Material shown.
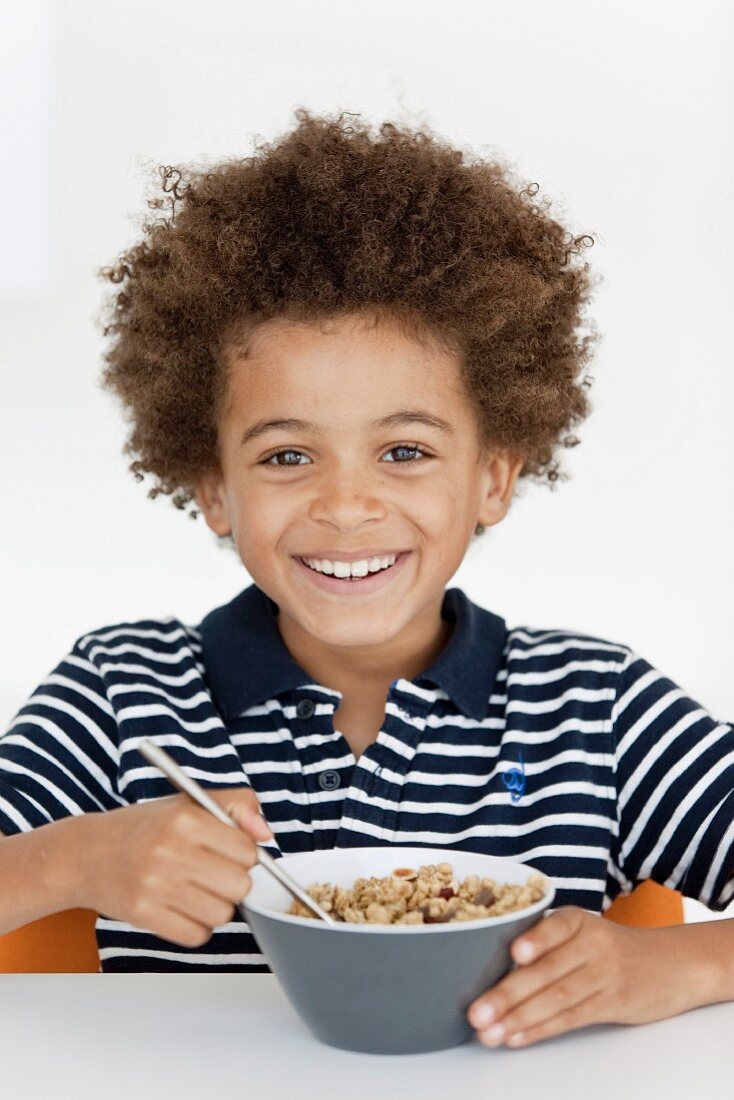 Boy eating a bowl of cereals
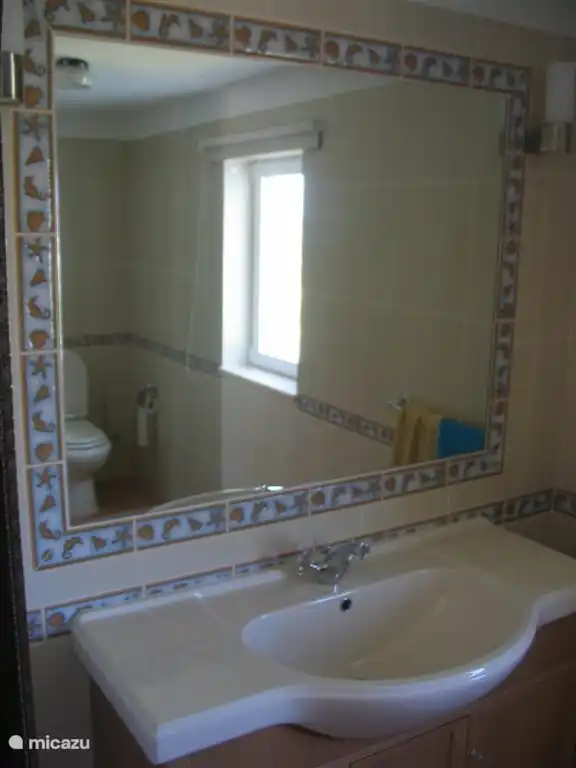 Privé badkamer blauwe slaapkamer met douche, bidet, toilet en wastafel.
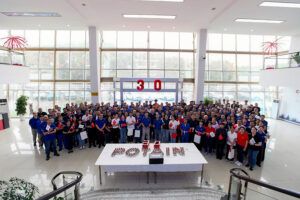 A large group of employees in blue and red shirts assembled in a factory entrance hall, with a "30" balloon display and Potain-branded table in the foreground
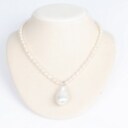A pearl necklace and gemstone bracelet. (2)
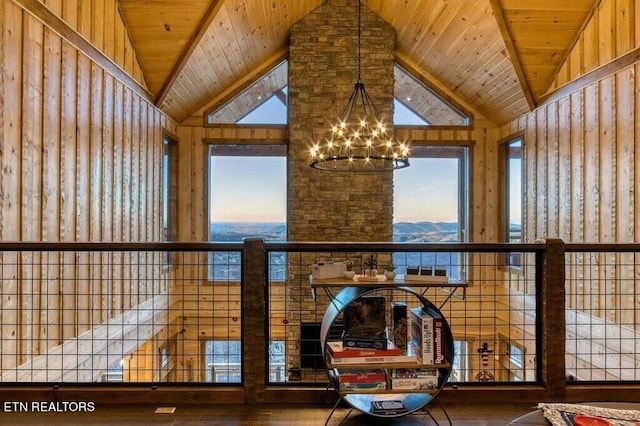 details with wood ceiling, an inviting chandelier, and wood-type flooring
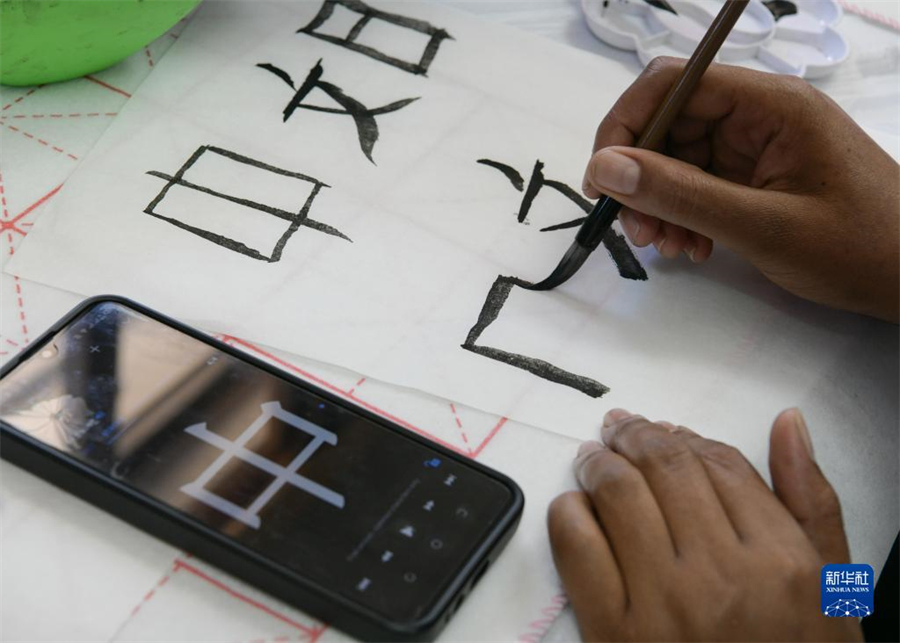 4月18日，肯尼亞學(xué)生在內(nèi)羅畢大學(xué)孔子學(xué)院舉辦的活動(dòng)上寫毛筆字?？夏醽唭?nèi)羅畢大學(xué)孔子學(xué)院18日舉辦“中文，增進(jìn)文明對(duì)話”主題活動(dòng)，慶祝即將到來的第14個(gè)聯(lián)合國(guó)中文日?？夏醽唽W(xué)生參與互動(dòng)，進(jìn)行書法、剪紙、唱中文歌等活動(dòng)。新華社記者 韓旭 攝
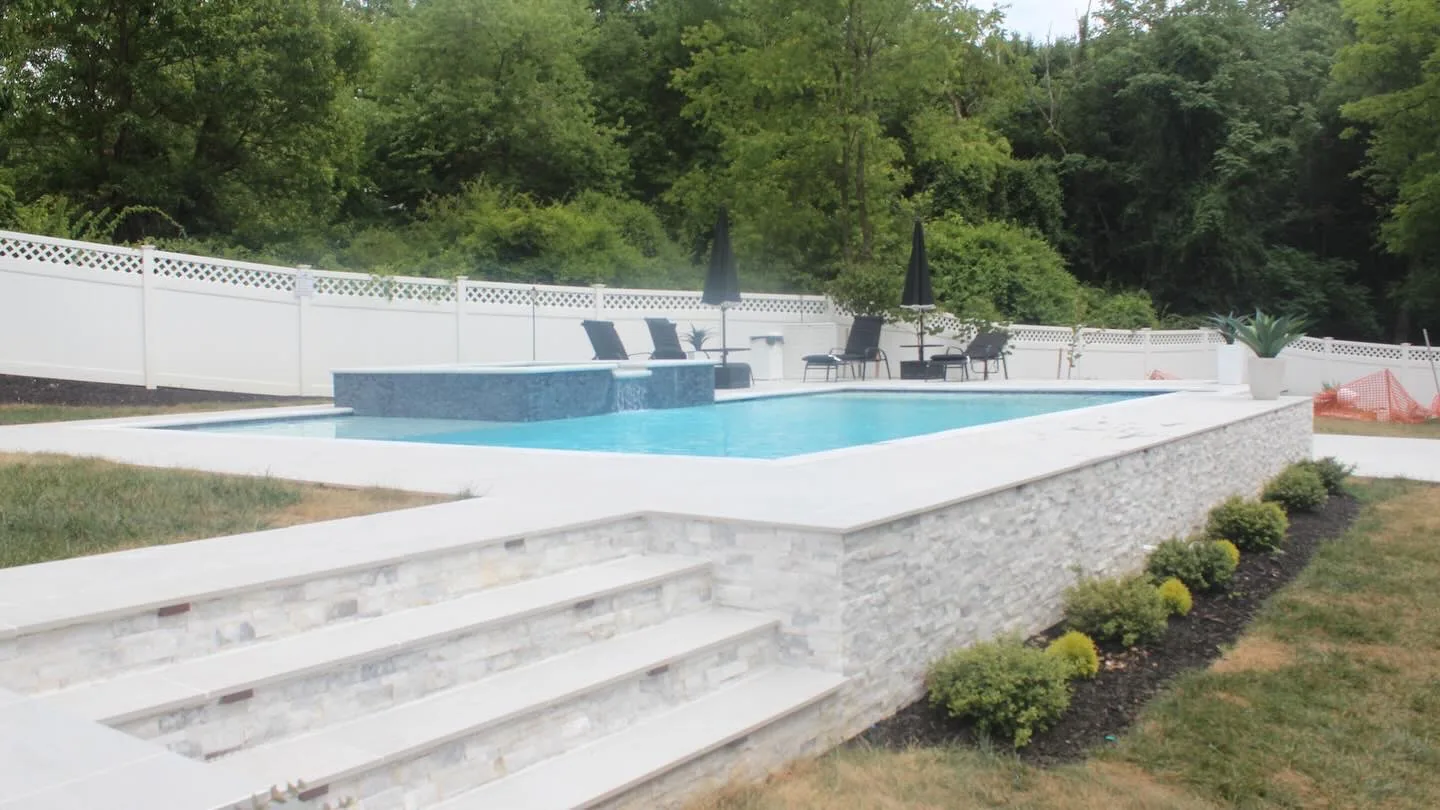 Stone steps and a raised patio beside a swimming pool and white privacy fence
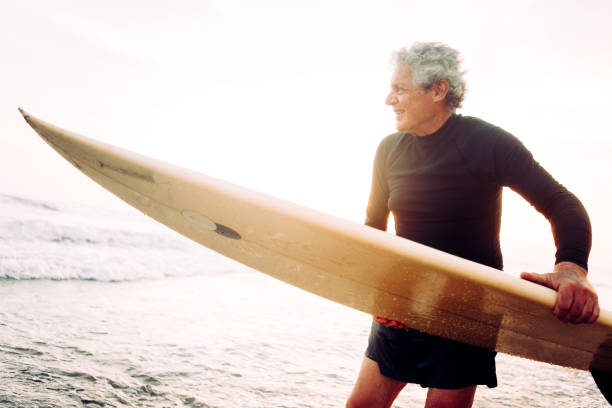 uomo anziano che naviga - senior adult surfing aging process sport foto e immagini stock
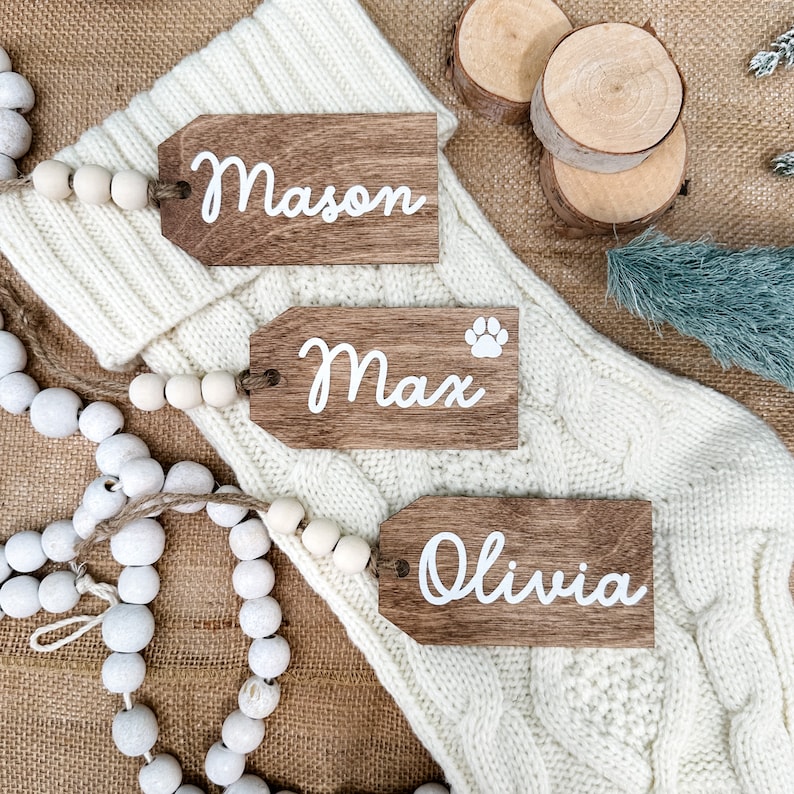 May include: Three wooden gift tags with white lettering. The tags are labeled "Mason", "Max", and "Olivia". The tags are on a white knitted surface with a string of white beads.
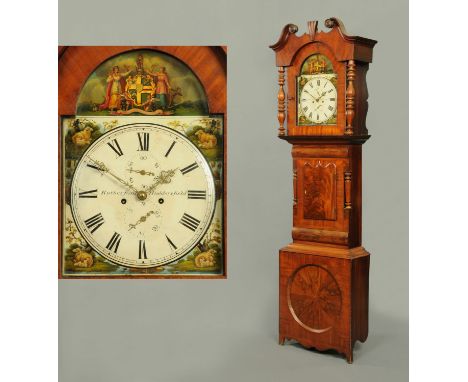 A Victorian mahogany longcase clock by Rutherford of Huddersfield, with swans neck pediment above the arched glazed door encl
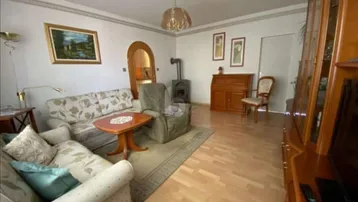 Gemütliches Wohnzimmer mit Holzboden, Kaminofen und traditionellen Möbeln.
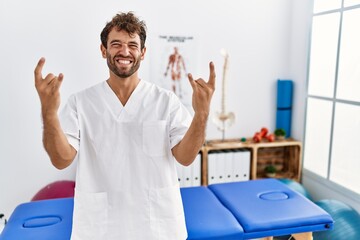Young handsome physiotherapist man working at pain recovery clinic shouting with crazy expression doing rock symbol with hands up. music star. heavy music concept.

Your goal. Starting at the line that contains "May include: Three", retype each line through the end of the data exactly, and leave out every picture.

Result of this task.
 May include: Three wooden gift tags with white lettering. The tags are labeled "Mason", "Max", and "Olivia". The tags are on a white knitted surface with a string of white beads.
 A Victorian mahogany longcase clock by Rutherford of Huddersfield, with swans neck pediment above the arched glazed door encl
 Gemütliches Wohnzimmer mit Holzboden, Kaminofen und traditionellen Möbeln.
Young handsome physiotherapist man working at pain recovery clinic shouting with crazy expression doing rock symbol with hands up. music star. heavy music concept.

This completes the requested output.